Insight

Legislation Compels Banks to Tread Lightly

Legislation Compels Banks to Tread Lightly

When we first became aware of the banks' reluctance to finance properties registered in entities (companies, close corporations and even trusts), we were a little taken aback. After all, this may not necessarily be the most lucrative way of purchasing property, but it surely is the safest, as it separates the asset (the property) from the individual’s personal financial obligations and misdemeanours. Furthermore, no bank will finance a property in an entity without obtaining a surety from the individuals who control the entity, be it its directors, members or trustees. So what is the risk…?


The answer is simple – let’s take a look at legislation. The New Company Act which was promulgated in April 2009, states that a company may pass a resolution applying for business rescue without informing its stakeholders. This means that it doesn’t have to inform its creditors (including the bank) that it is taking such action. If the bank is unhappy about the company’s application for business rescue, it must apply to the High Court to have this application set aside, which may be overruled.


While under business rescue, creditors are not permitted to touch their assets (including its properties). In event of a debtor defaulting, if a lending institution does not have access to the security on which such lending is based, then the security is futile. Hence, the need to be a lot more cautious when granting a mortgage bond over a property registered in the name of an entity.


Furthermore, this piece of legislation states that all companies and close corporations need to file their annual returns with The Companies and Intellectual Property Commission (CIPC, which replaced CIPRO), failing which the company/close corporation will be deregistered.

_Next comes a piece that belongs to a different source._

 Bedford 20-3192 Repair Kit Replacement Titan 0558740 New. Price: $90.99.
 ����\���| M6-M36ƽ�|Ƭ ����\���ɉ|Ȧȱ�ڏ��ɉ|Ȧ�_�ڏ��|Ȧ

When a company or close corporation is deregistered, it is no longer a legal entity – it is a non-entity – and all its assets will be assigned to the state. Under this situation, the banks cannot attach any of the assets it has taken as security.


The burden of having the company/close corporation restored, lies on the affected parties (in this case, the bank). Previously the banks could simply approach the courts. Under this new legislation the banks have to obtain all the outstanding financial statements and annual returns, submit them to CIPC and then only apply to the Commissioner to reinstate the company. Obtaining these documents and information from an entity against which the bank has instituted legal action, may prove to be very problematic.  Are the warning bells ringing yet?


Whether a bank is willing to grant you a mortgage bond will depend on their risk appetite. The higher the risk, the higher the deposit they will expect of you and the higher the interest rate they will charge you. If you are purchasing a property to be registered in the name of an entity be prepared to pay the price for the privilege.


Unfortunately, this piece of legislation really puts a damper on those financially astute individuals who want to use property investment as a means of reducing the tax liability of the entities under their control. Nothing stops you from purchasing the properties in the name of an entity, but financing them may prove to be challenging. Our advice is (1) use the services of a good bond originator such as Property Factor and (2) use a non-trading vehicle in which to purchase your property.


The reaction of the banks to the risks posed by the New Company Act is another indication that one cannot solve a country’s corruption and economic woes by over-regulating. Sometimes it is best to simply focus on enforcing existing laws and allow entrepreneurs to do what they do best – create much-needed employment opportunities.